Power pins work with DC, so the impedance, (other than some indirect
EMI), is mostly resistance. Their inductance and capacitance do not play any role at all.
The inductance and capacitance which keep you guys from overclocking to the kingdom come, are the main impediments when designing a high frequency packaging. Since the silicon die itself, is not amenable to any fancy design work, since it is mostly on/off transistors. The nifty designing comes into play when packaging the silicon. The layout of the design at this point is critical, one misplaced pin will screw up the entire package (I meant the entire design). If there are sharp bends, if the traces are too close, if the traces are electrically too thin (compared to the wavelength); we will see huge instability. After the processor is packaged, it is necessary that this fine engineering is not frittered away by poor design starting from the pinout on.

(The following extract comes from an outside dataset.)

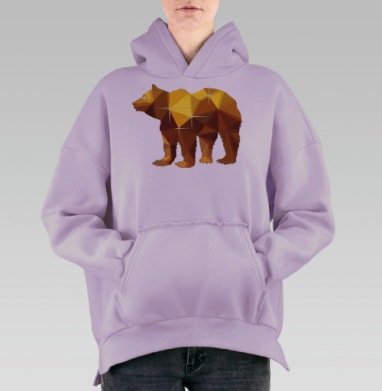 Янтарный медведь, Hoodie Oversize Fiolet, утепленная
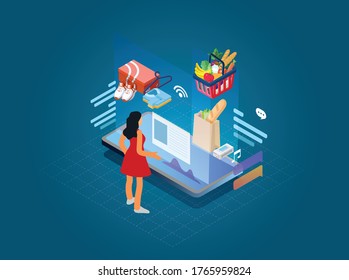 Shopping online isometric poster Free Vector. Woman dressing red color buying online shopping.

Of course the first thing that processor sees on a board is the socket. If the mating mechanism is not foolproof, you lose all the advantage. I think it is the duty of the microprocessor manufacturer to make the processor packaging "idiot proof". Consider the case of these LGA sockets, the onus of this responsibility has been transferred to the socket manufacturers, who are small potatoes and who come an go. I did not see anything wrong with those zif sockets which required straight pins. They were almost foolproof: they had good contact and straight lines. The LGA socket has sharply bent conductor pins (for providing spring loading) which play hell with the impedance.
I am not sure that I understand the trade off. Unless Intel, somehow believes that as long as they can defend their microprocessors,they will be just fine; Even if the applications in which they are being used do not work. The customer usually does not care about these fine nuances. They quickly figure out that having "Intel Inside" is not a good thing ;-)
It is not about blame game, it is about providing a robust product to the consumer. Their ability to defend their processor will not protect them from tacking a hit.
Now, we all know that processors, have many parts, and as a result many features and full functionality is never tapped by everyday user application. With most people only using Office, email, chat, or watching porno, or playing games. Only when you run a mathematically intensive program you use can approach full tapping the processor capacity of a microprocessor. This is where these processors start to dump cores.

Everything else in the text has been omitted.